[Given entries Boundary: Start]

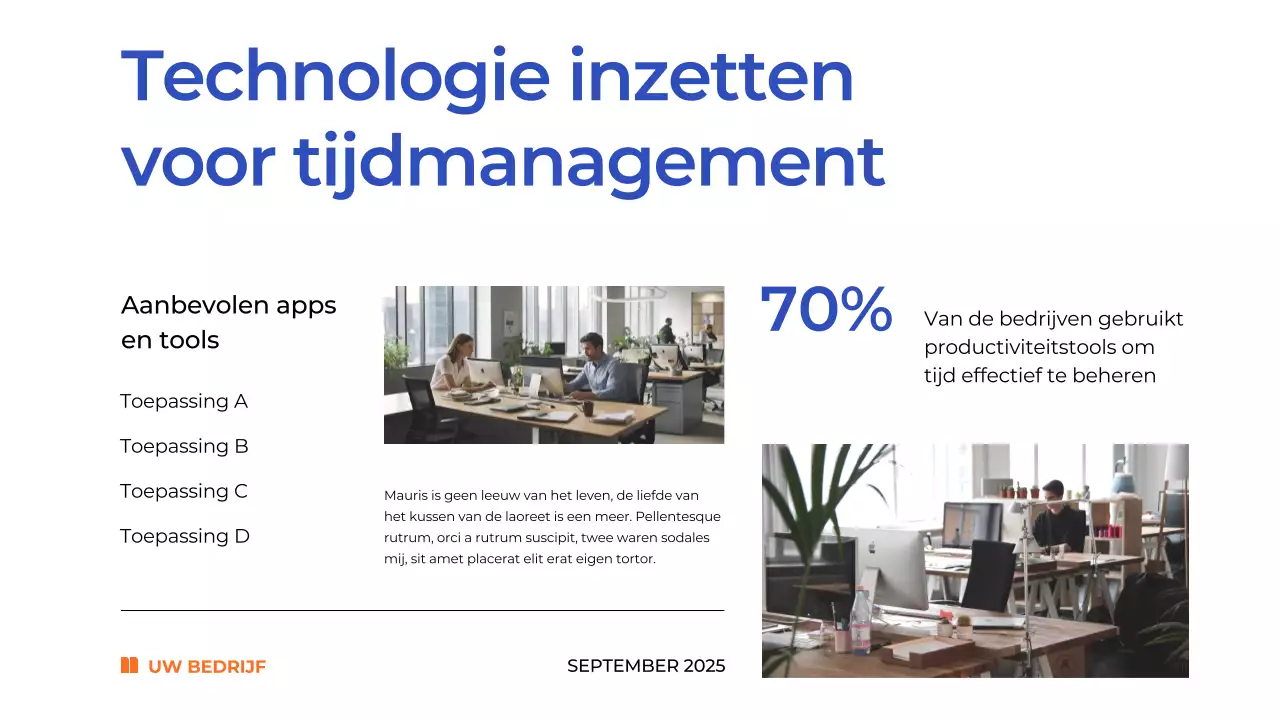 Blue Simple Time Management Plan Studiemateriaal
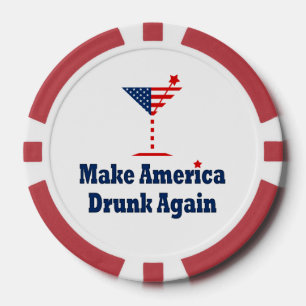 AMERIKA WIEDER BETRUNKENER zu einem patriotischen Pokerchips
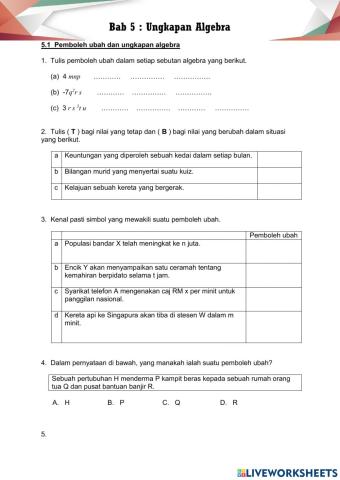 Bab 5: Ungkapan Algebra (Pemboleh ubah)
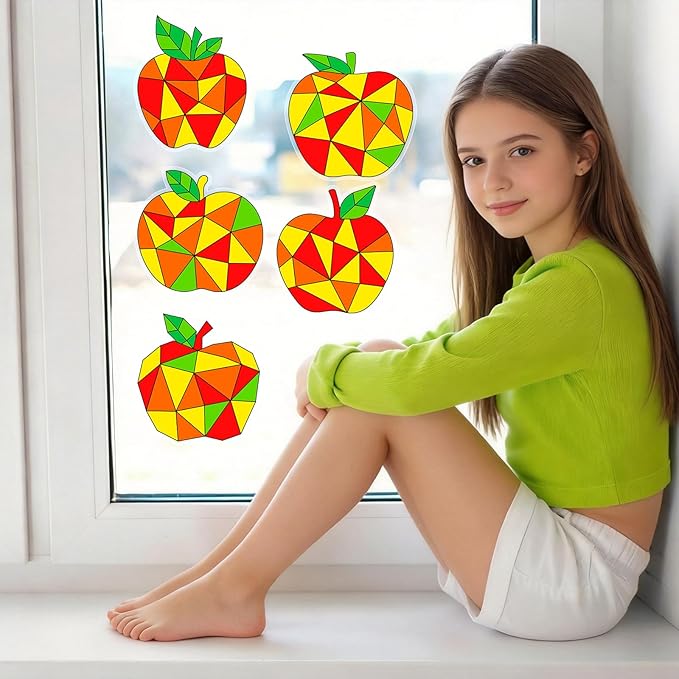 Qyeahkj 30Pcs Thanksgiving Fall Crafts Kits for Autumn Apple Suncatcher Ornaments Coloring Window Clings Color Your Own Fall Arts Crafts DIY Painting Party Gift for Home Decor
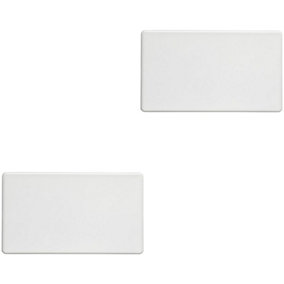 2 PACK Double SCREWLESS MATT WHITE Blanking Plate Round Edged Wall Hole Cover
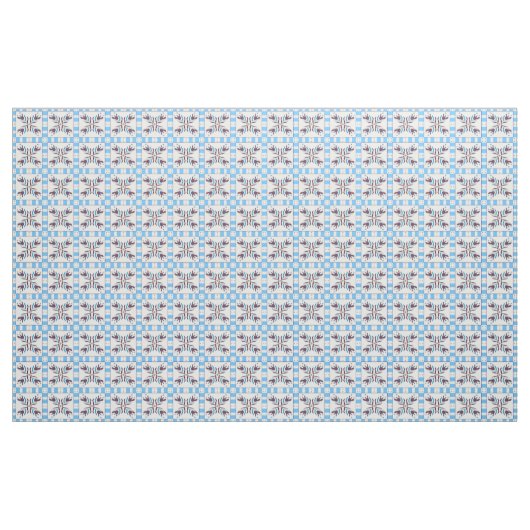 Blue Tile Floral Decorative Fabric Pattern  ファブリック (ヤード)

[Given entries Boundary: End]

§ **Task objective**: Restate the listing above word for word. Leave the images out.

§ **Task output**:
 Blue Simple Time Management Plan Studiemateriaal
 AMERIKA WIEDER BETRUNKENER zu einem patriotischen Pokerchips
 Bab 5: Ungkapan Algebra (Pemboleh ubah)
 Qyeahkj 30Pcs Thanksgiving Fall Crafts Kits for Autumn Apple Suncatcher Ornaments Coloring Window Clings Color Your Own Fall Arts Crafts DIY Painting Party Gift for Home Decor
 2 PACK Double SCREWLESS MATT WHITE Blanking Plate Round Edged Wall Hole Cover
 Blue Tile Floral Decorative Fabric Pattern  ファブリック (ヤード)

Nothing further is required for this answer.